▶ _PROBLEM TO SOLVE_: From the first line of the listing below to the line with "صورة 165 - American", print each line exactly, and nothing more. Leave out the pictures.

▶ _MATERIAL SHOWN_:
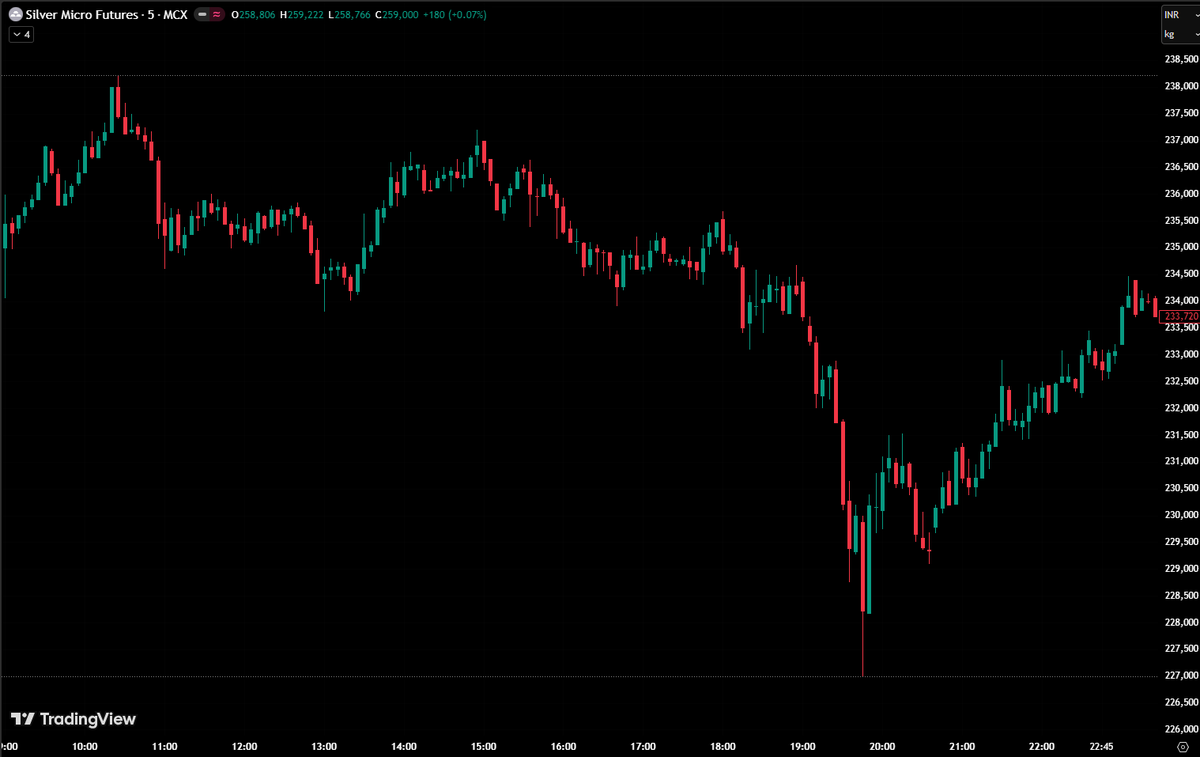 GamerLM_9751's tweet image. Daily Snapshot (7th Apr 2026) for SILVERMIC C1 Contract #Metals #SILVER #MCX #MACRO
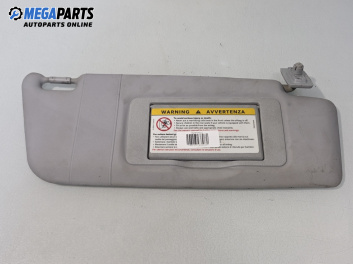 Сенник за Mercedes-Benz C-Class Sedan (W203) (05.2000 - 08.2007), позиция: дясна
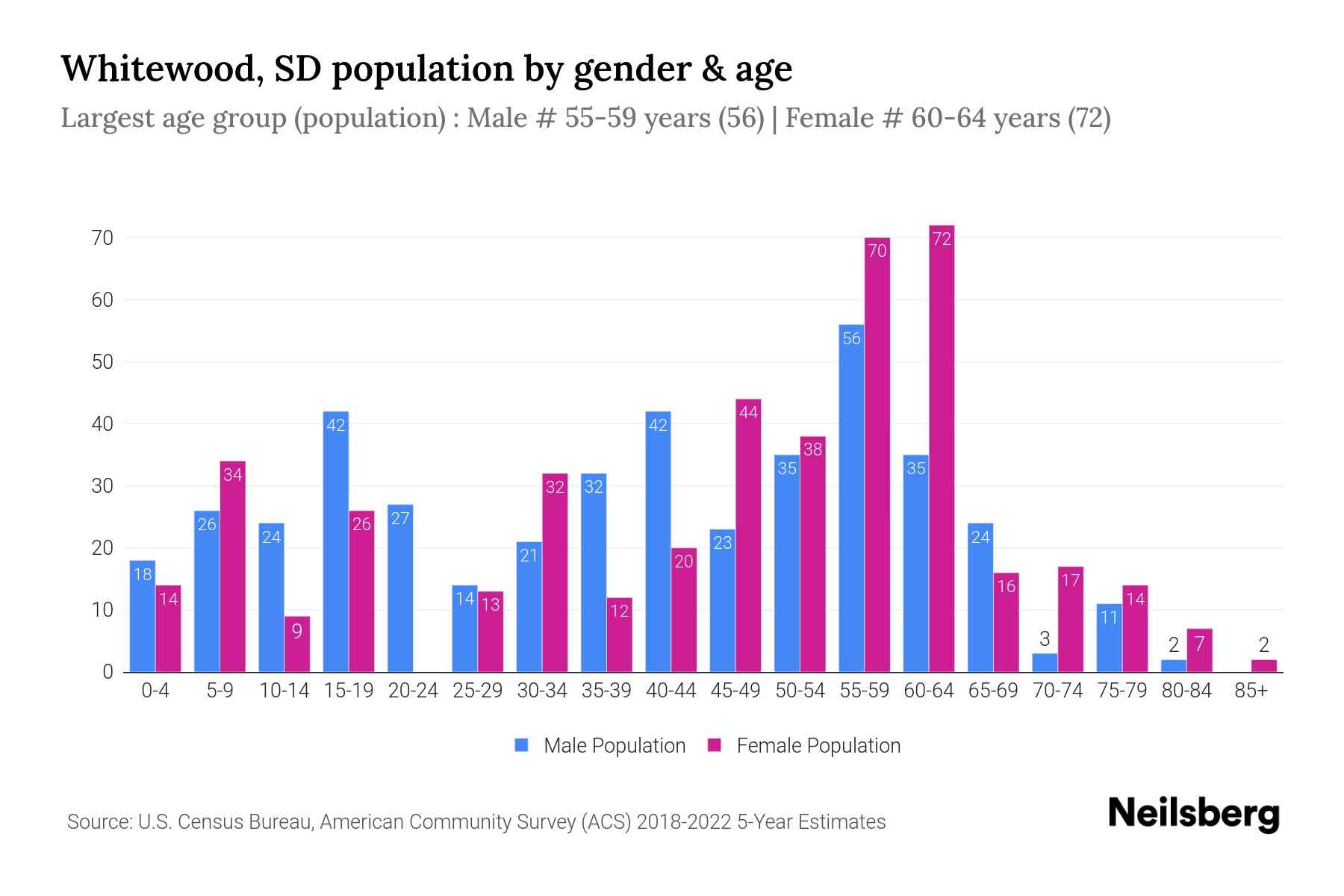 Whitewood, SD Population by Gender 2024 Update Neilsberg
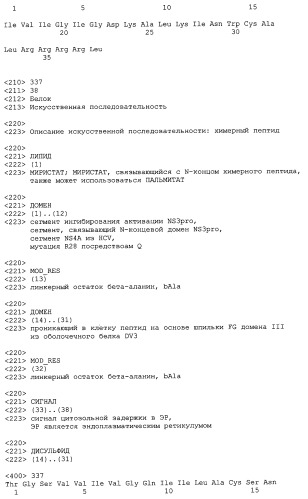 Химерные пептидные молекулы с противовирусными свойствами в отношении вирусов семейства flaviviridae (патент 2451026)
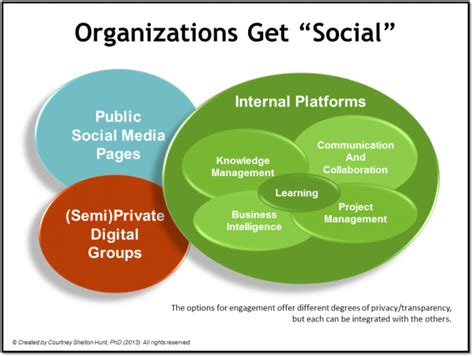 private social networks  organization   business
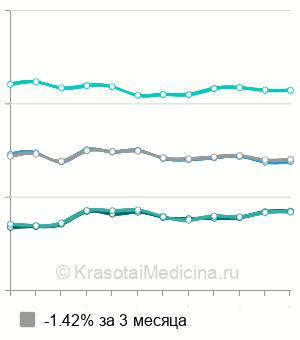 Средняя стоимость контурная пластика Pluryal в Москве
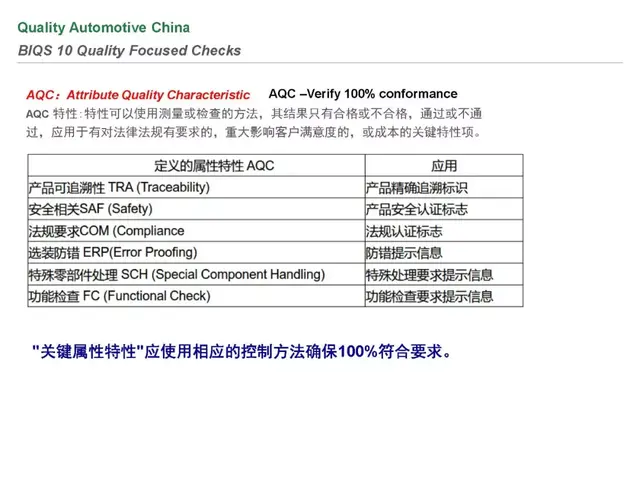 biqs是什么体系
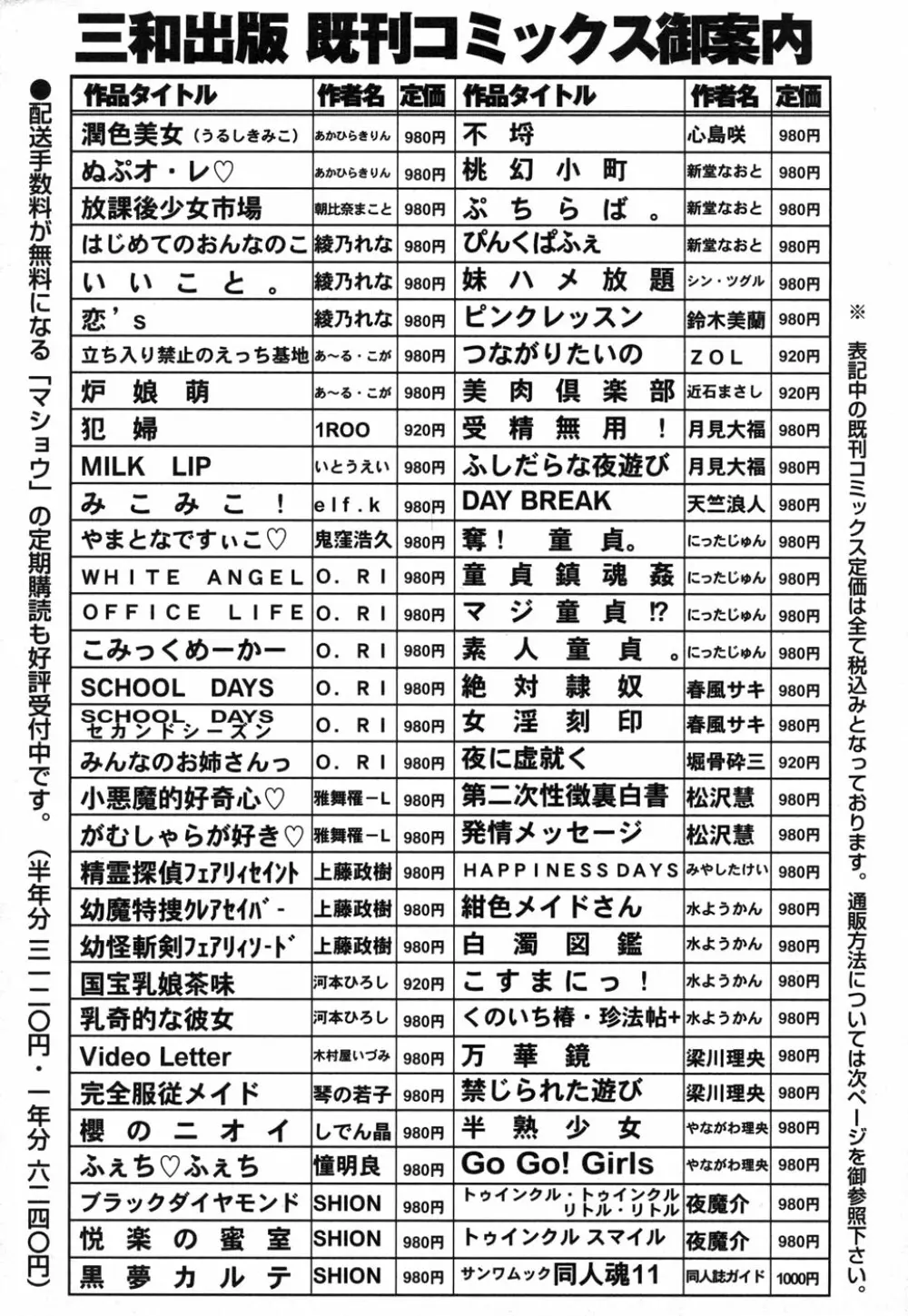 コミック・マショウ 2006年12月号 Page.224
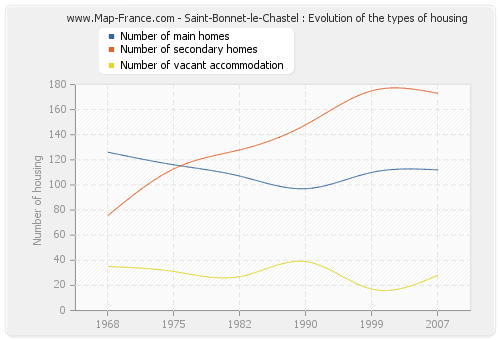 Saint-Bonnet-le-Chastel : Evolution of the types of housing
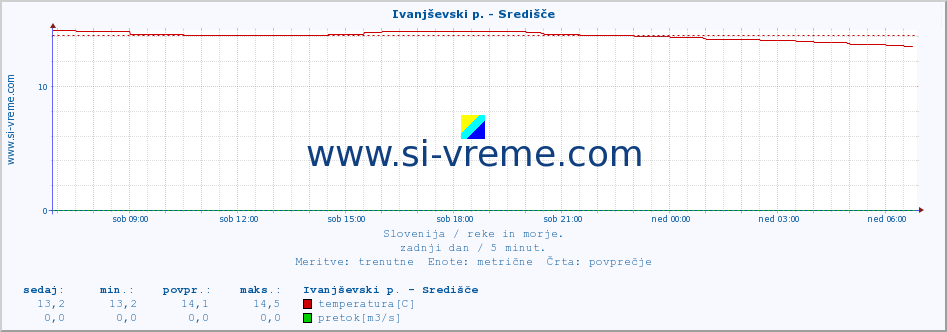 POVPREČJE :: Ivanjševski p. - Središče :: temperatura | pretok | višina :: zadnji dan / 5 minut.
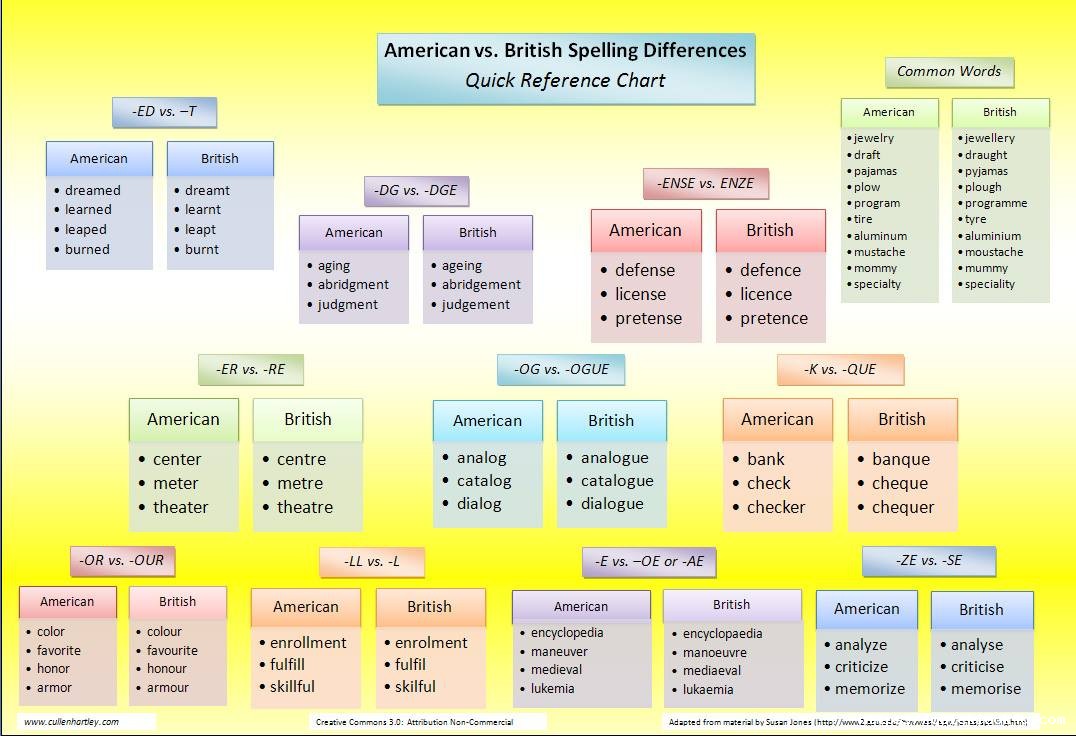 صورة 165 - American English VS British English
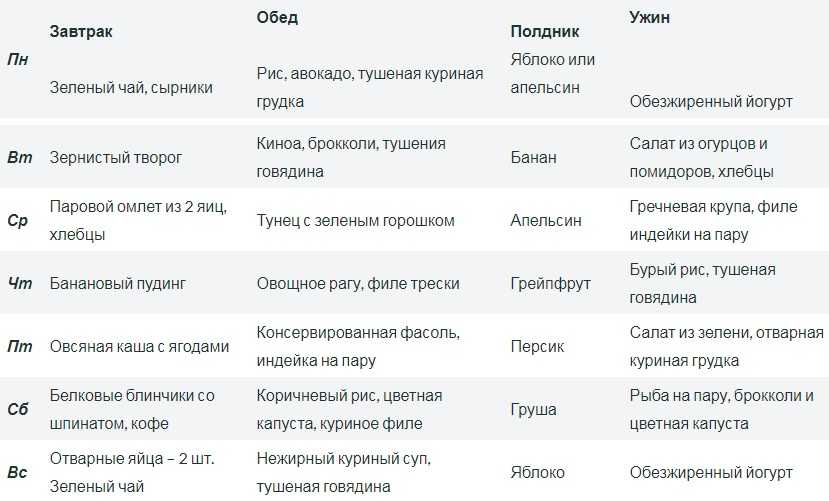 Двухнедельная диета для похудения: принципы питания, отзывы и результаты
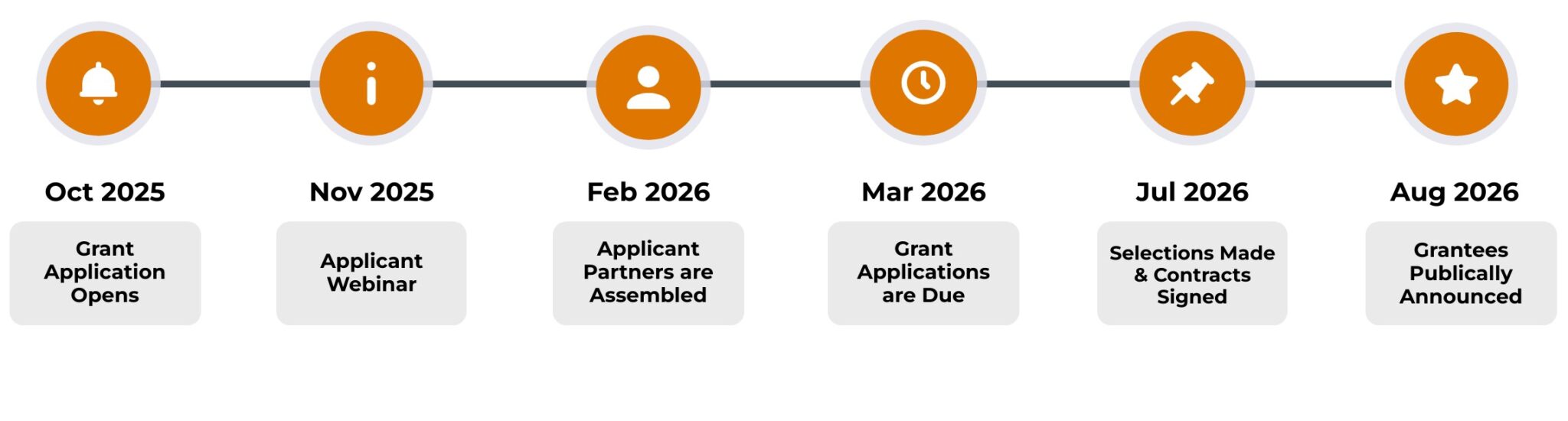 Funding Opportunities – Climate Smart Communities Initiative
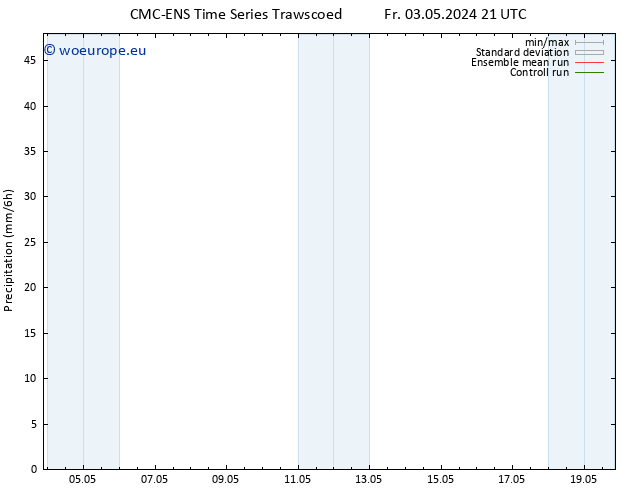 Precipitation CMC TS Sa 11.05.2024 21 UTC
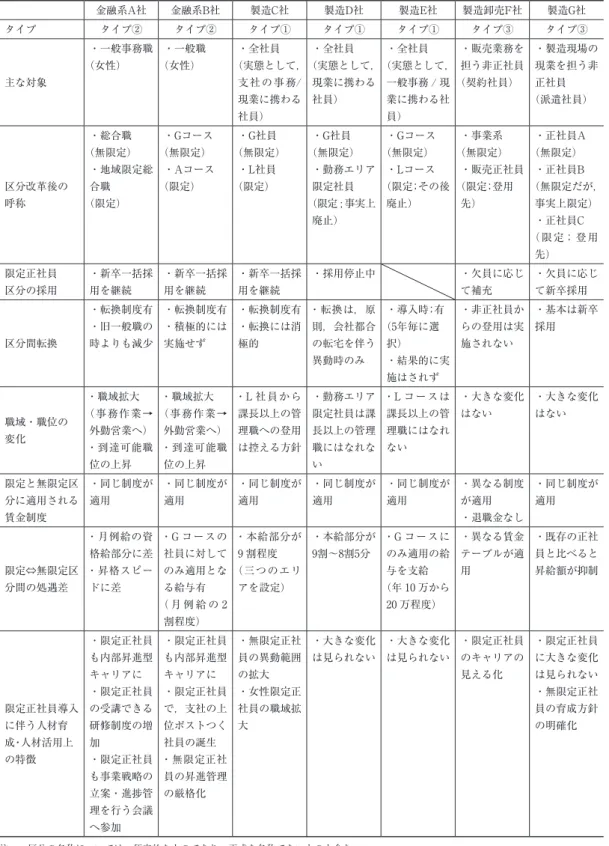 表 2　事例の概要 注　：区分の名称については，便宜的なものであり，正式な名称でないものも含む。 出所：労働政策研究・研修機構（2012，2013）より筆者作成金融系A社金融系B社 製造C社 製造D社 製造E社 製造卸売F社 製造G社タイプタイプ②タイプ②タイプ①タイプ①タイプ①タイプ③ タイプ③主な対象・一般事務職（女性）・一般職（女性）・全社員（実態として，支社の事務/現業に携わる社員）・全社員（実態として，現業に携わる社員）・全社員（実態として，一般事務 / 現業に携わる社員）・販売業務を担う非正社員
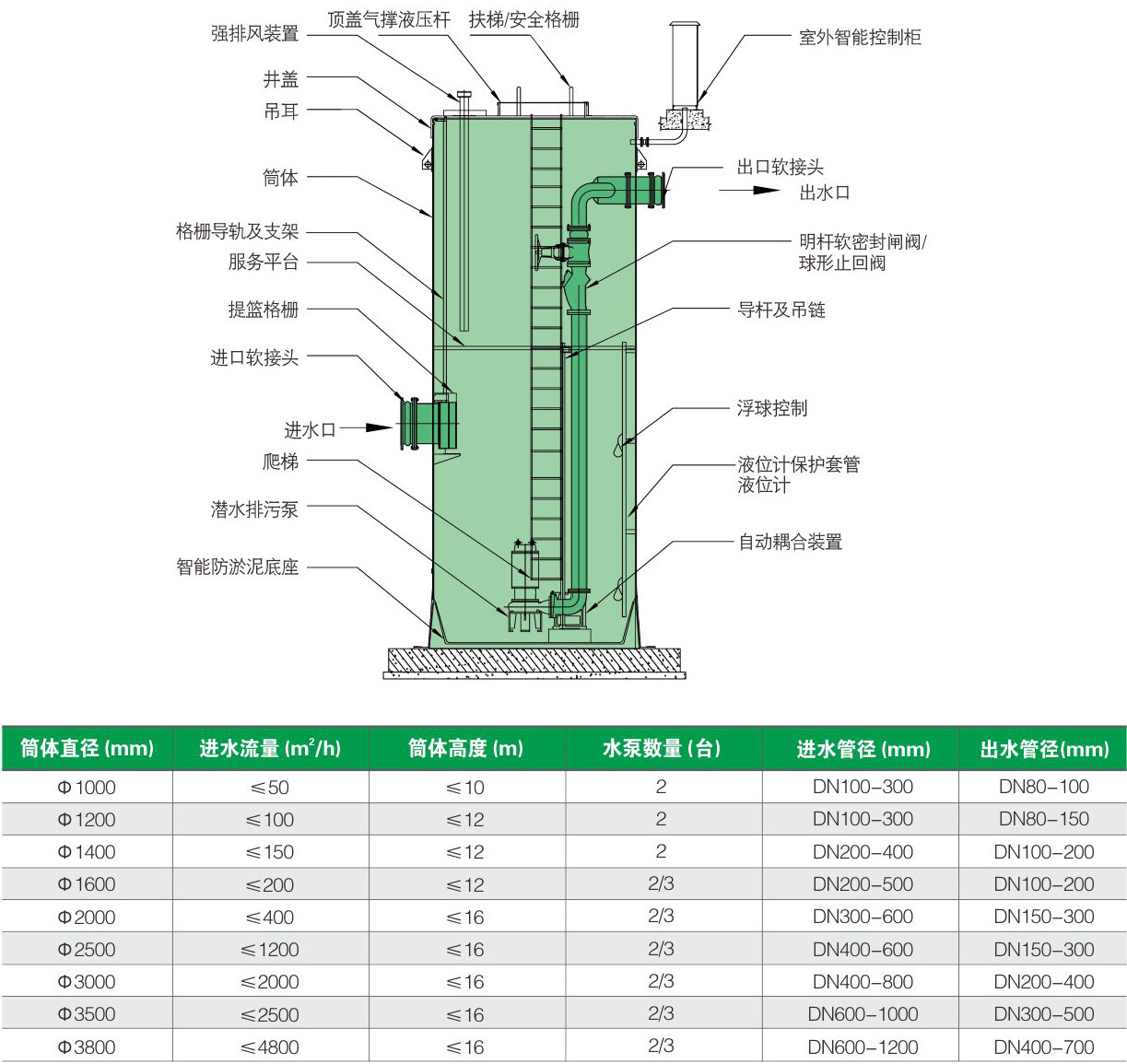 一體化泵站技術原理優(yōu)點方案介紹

▶ _EXERCISE RESULT_:
 GamerLM_9751's tweet image. Daily Snapshot (7th Apr 2026) for SILVERMIC C1 Contract #Metals #SILVER #MCX #MACRO
 Сенник за Mercedes-Benz C-Class Sedan (W203) (05.2000 - 08.2007), позиция: дясна
 Whitewood, SD Population by Gender 2024 Update Neilsberg
 Химерные пептидные молекулы с противовирусными свойствами в отношении вирусов семейства flaviviridae (патент 2451026)
 private social networks  organization   business
 Средняя стоимость контурная пластика Pluryal в Москве
 biqs是什么体系
 コミック・マショウ 2006年12月号 Page.224
 Saint-Bonnet-le-Chastel : Evolution of the types of housing
 POVPREČJE :: Ivanjševski p. - Središče :: temperatura | pretok | višina :: zadnji dan / 5 minut.
 صورة 165 - American English VS British English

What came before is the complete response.